III.- LAS PROMESAS FRUSTRADAS DE UNA UTOPIA QUE SE QUISO CIENTIFICA

    El comunismo -y quiero que la palabra abarque tanto la utopía inicial como las sociedades concretas que algunos construyeron a partir de la misma- tuvo un atractivo peculiar que deslumbró a más de un gran intelectual de nuestro tiempo: apelando a la razón supo elaborar un discurso que tenía la fuerza de los mitos; asumiéndose como una filosofía y una cosmovisión, fue capaz de construir un imperio aparentemente indestructible. Tuvo la misma capacidad totalizadora que han mostrado algunas religiones, la fuerza para construir un mundo casi cerrado que abarcaba desde posiciones éticas y filosóficas precisas hasta organizaciones políticas concretas, estados, modos de comportamiento, hábitos y arraigados prejuicios.

    Esta capacidad para integrar, para constituir un entorno en el que una persona podía desarrollar toda su vida, sirvió para que el comunismo se convirtiese en una especie de protagonista central de nuestro siglo: en su nombre se desarrollaron luchas que recordaban las guerras santas de otros tiempos; alrededor de sus nociones básicas se conjugaban los afanes anticoloniales, los deseos de desarrollo económico y las rebeliones de todo tipo; su influjo intelectual, básicamente el influjo de la obra de Marx, modeló fuertemente el pensamiento de sociólogos e historiadores, de científicos y de poetas, afincándose en las universidades de todas partes como una fuerza casi incontestable.

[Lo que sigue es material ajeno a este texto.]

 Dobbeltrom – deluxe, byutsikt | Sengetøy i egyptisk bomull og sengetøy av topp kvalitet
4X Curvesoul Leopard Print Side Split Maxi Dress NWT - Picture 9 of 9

    Como doctrina que tendía a cerrarse sobre sí pretendió inmiscuirse en cada campo de la actividad humana: nada era neutral, nada podía dejarse al azar o la libre opinión, porque tenía la voluntad implacable de los dogmas. Florecieron, pues, las herejías, las disidencias, las disputas colmadas de odio que surgían de desavenencias aparentemente triviales. No podía ser de otro modo: la única vía de mantener el sistema era apelar a una exigencia de disciplina y conformidad intelectual que, como resultado natural, derivó a la postre en el profundo estancamiento que hoy nos parece sorprendente.

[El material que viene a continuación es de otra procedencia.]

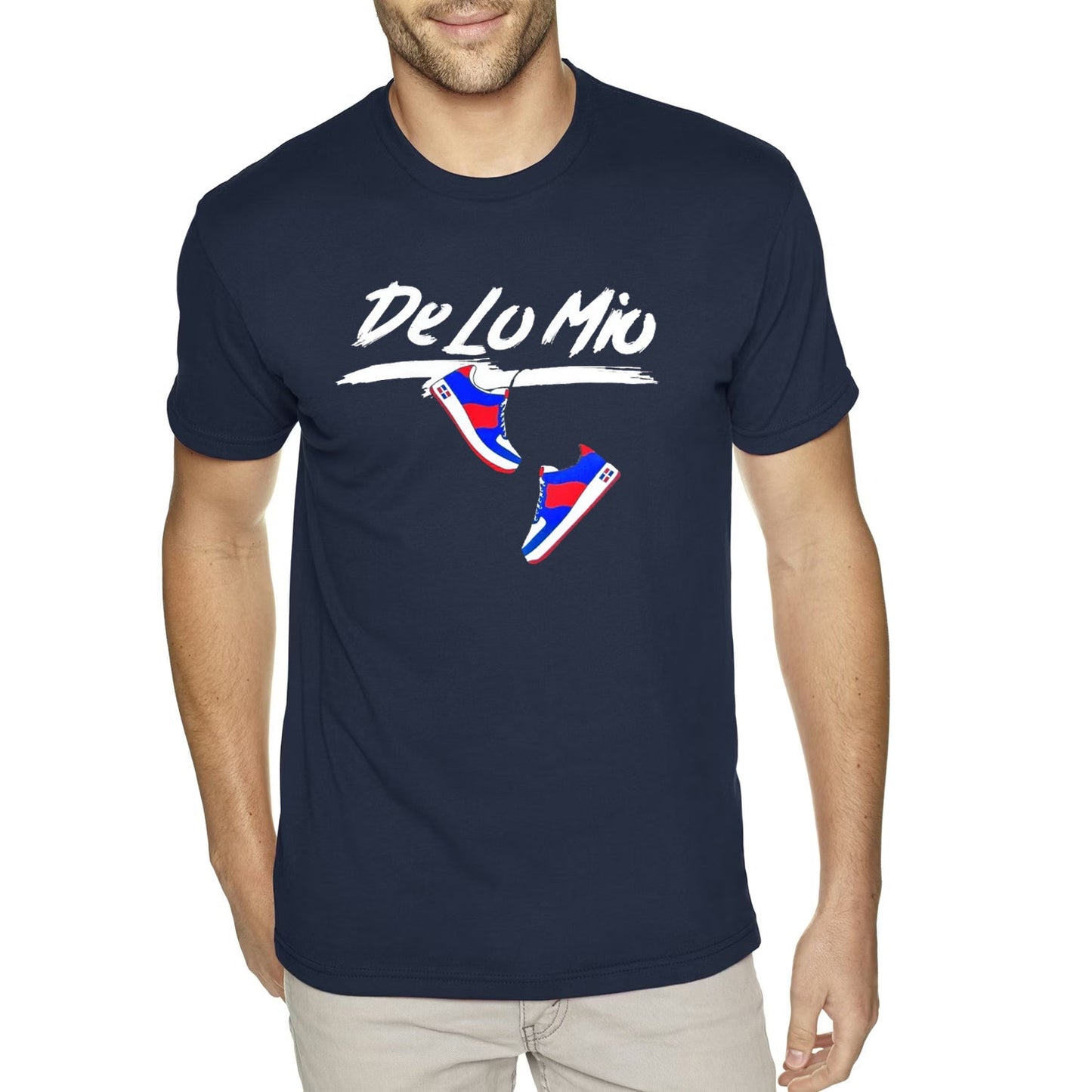 Navy blue t-shirt with 'De Lo Mio' design featuring sneakers, worn by a person on a white background.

    Porque, de algún modo, en esa capacidad abarcadora estuvo también el germen de su debilidad: el marxismo se pareció, en muchos sentidos, a una arrolladora religión laica pero, a diferencia de todas las religiones, no quiso construir paraísos sobrenaturales sino que se atrevió a hacer profecías concretas, verificables, que de algún modo podían contrastarse con los hechos que estaban a la vista de todos. Esa arrogancia, que sólo se han permitido algunas sectas efímeras, le resultó a la postre fatal: ni la vasta maquinaria de propaganda que organizó, ni el secreto o el aislamiento en que se trató de mantener a los pueblos que vivían bajo el comunismo, pudo impedir que se comparasen con los hechos las afirmaciones del llamado "socialismo científico", nombre altanero que no fue suficiente para ocultar el colapso.

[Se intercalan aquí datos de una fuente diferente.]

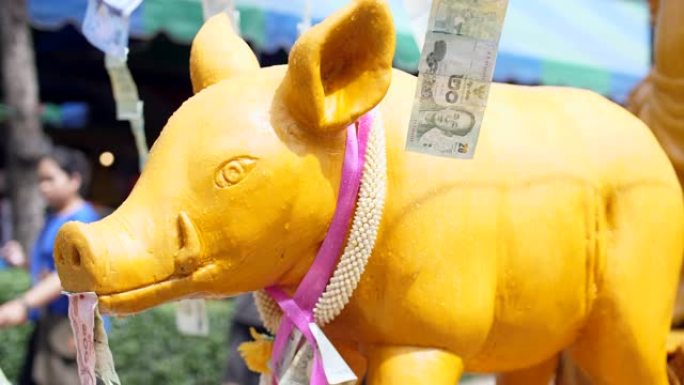 泰国佛节的猪蜡烛游行传统节日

    Es cierto que esto no se produjo súbitamente, de un modo frío, como cuando se intenta comprobar en el laboratorio la verdad de una hipótesis. Era demasiada la pasión que estaba en juego, y era obviamente también muy complejo el campo de la demostración. Pero, agotado el impulso que siguió a la Segunda Guerra Mundial y al período de descolonización inmediatamente posterior, el comunismo se fue estancando gradual e inexorablemente: primero fue su vitalidad intelectual -ahogada por la necesidad de hacer la exégisis a un mensaje que cada vez se distanciaba más de la cambiante realidad, cuando no quedaba aprisionado por la necesidad de justificar a quienes detentaban el poder; luego fue su capacidad de convocatoria, la posibilidad de proveer con ideas adecuadas a los nuevos movimientos sociales y políticos que iban emergiendo; por fin se expresó en la crisis de los Estados, en el retraso de sus economías centralizadas, que no eran capaces de producir ni asimilar el avance tecnológico y que se rezagaban no sólo en lo político y lo económico sino también en lo militar. Y, cuando los dirigentes más lúcidos intentaron realizar la reforma, la imprescindible puesta al día de un sistema que se fosilizaba sin alternativas, encontraron lo que ya antes habían encontrado otros reformadores en muy diversas épocas: no se puede abrir gradualmente un sistema cerrado en lo político y lo económico, no hay forma de reajustarlo gradualmente, porque las tensiones acumuladas son tantas que se desata -casi indetenible- una auténtica revolución.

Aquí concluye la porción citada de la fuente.